WHAT YOU ARE ASKED TO DO:
The lines to return run from the start of the material below through the line holding "Step 14: under", both included; please give them back exactly, minus the pictures.

INFORMATION SHOWN:
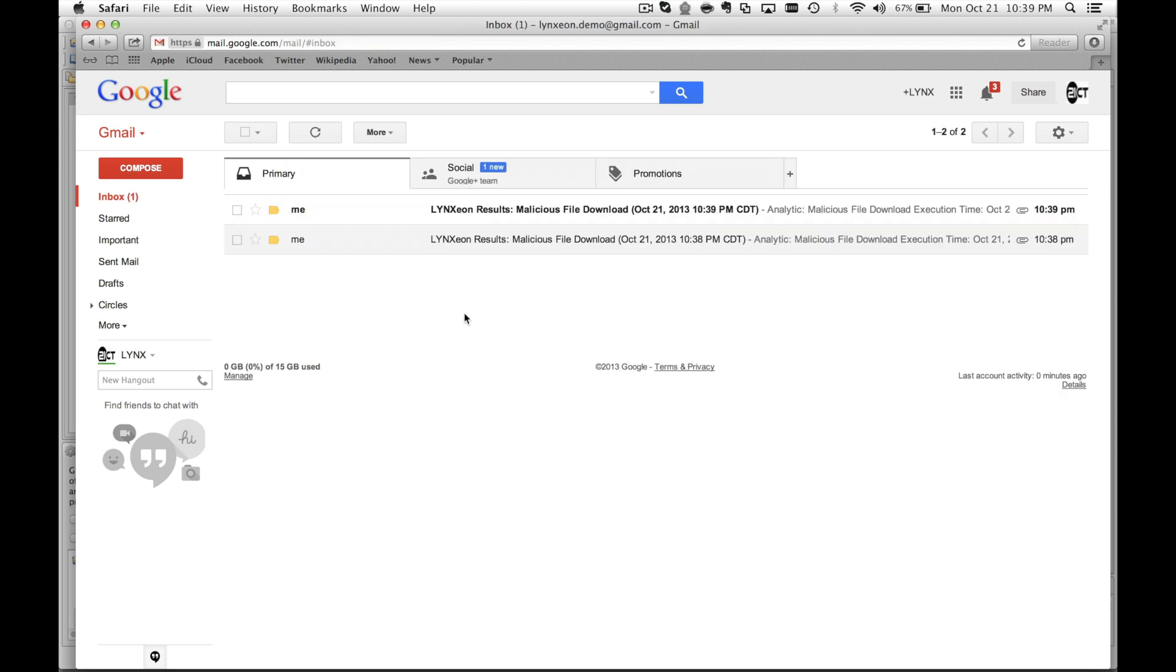So now that I've scheduled the analytic, I will receive the email results every minute based on the schedule that I set.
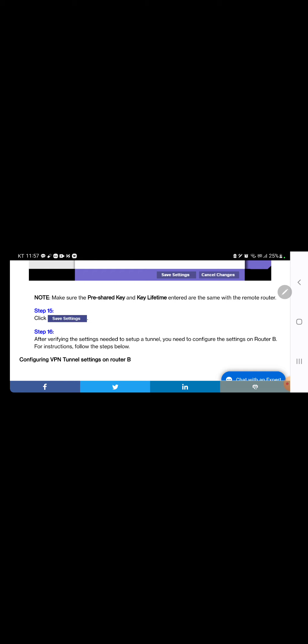Step 14: under Key Lifetime, enter the time period you want the key to expire on your tunnel. In this example, 3600 was used. Note: make sure the pre-shared key and key lifetime entered are the same with the remote router. Step 15: click Save Settings. Step 16: after verifying the settings needed to set up a tunnel, you need to configure the settings on router B. For instructions, follow the steps below.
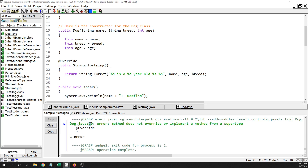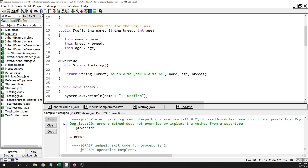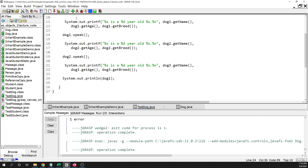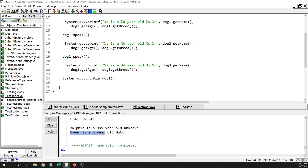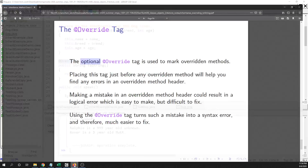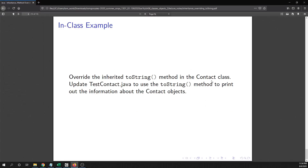The syntax error is a lot easier to find — it tells you something's wrong on line 20, you go there, and see you forgot the capital S. You fix it, compile, and everything works. The @Override tag is basically a safety measure to make sure you're not making those easy-to-make but difficult-to-track-down logic errors. It is optional but you should put it there when writing toString or any other overridden method. In the next video we will add a toString from scratch in the Contact class.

RESPONSE BOX:
So now that I've scheduled the analytic, I will receive the email results every minute based on the schedule that I set.
Step 14: under Key Lifetime, enter the time period you want the key to expire on your tunnel. In this example, 3600 was used. Note: make sure the pre-shared key and key lifetime entered are the same with the remote router. Step 15: click Save Settings. Step 16: after verifying the settings needed to set up a tunnel, you need to configure the settings on router B. For instructions, follow the steps below.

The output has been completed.